Category Archives: The State of Culture

Artist Manifesto Performances

Videos of the Individual Manifesto performances from AHM’s State of Play symposium in October are now available to watch on AHM’s blog or alternatively, on Central Station network.

The 27 one-minute manifesto performances were on artists’ personal thoughts on the state of art and culture in Scotland today, and the performers included Ruth Barker, Justin Carter, Dalziel & Scullion, Ellie Harrison, Oliver Metzger, Peter McCaughey, and Shauna McMullan. You can watch mine here.

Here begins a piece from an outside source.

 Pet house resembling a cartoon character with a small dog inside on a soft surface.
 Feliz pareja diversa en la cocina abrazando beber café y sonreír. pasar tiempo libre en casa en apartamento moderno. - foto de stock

AHM are currently calling for more manifestos for the next symposium, which will be held in Edinburgh on 2 April 2011. AHM describe the manifestos as an opportunity for artists to give voice to their concerns and ambitions about where they feel visual art stands today and what the future might hold. To contribute, email ahm@googlemail.com. The deadline is 1 March.

AHM’s reflections on their State of Play symposium

Below is a link to AHM’s report reflecting on their State of Play symposium on 9 October 2010 (the first of a series of three). There is a wee mention of my manifesto, alongside Jimmie Durham’s and Chris Fremantle’s! Hopefully AHM will eventually make videos of the whole symposium available online, including the manifestos, as the artists performing missed the opportunity to hear each other’s very clearly.

Read AHM’s report of the State of Play: Art and Culture in Scotland Today symposium

AHM have also created a group that you can join on Central Station network, to continue the discussions set in motion at the symposium.

Art School Alternatives symposium

‘Is school a place, an institution, a set of facilities, a situation, a circumstance, an attitude, or a constellation of relationships of the transfer of acquired, invented, and accumulated knowledge?’ asked Raqs Media Collective in their essay for the 2009 compendium ‘Art School (Propositions for the 21st Century),’ MIT Press.

Taking this meditation as a starting point, the Manchester visual art journal Corridor8 staged an Art School Alternatives symposium at Liverpool Biennial on 7 October 2010 which proposed to explore alternative concepts and structures of learning to a traditional art school education, calling on practitioners and artist-led initiatives from around the North West to speak about their experiences.

Coming at a time when discussions, symposia, and books addressing the future of art education are prevalent, and given the title “Art School Alternatives,” one might have expected some artists to call for radical re-thinks or advocate courses of action, but a common thread among the speakers was that they all viewed their positions as distinct from the zeitgeist. The artist and writer Derek Horton made the very good point that most of these discussions on the future of art education take place within academic institutions and between academics – and as such, may feel irrelevant to artists working outside institutions who have practical considerations.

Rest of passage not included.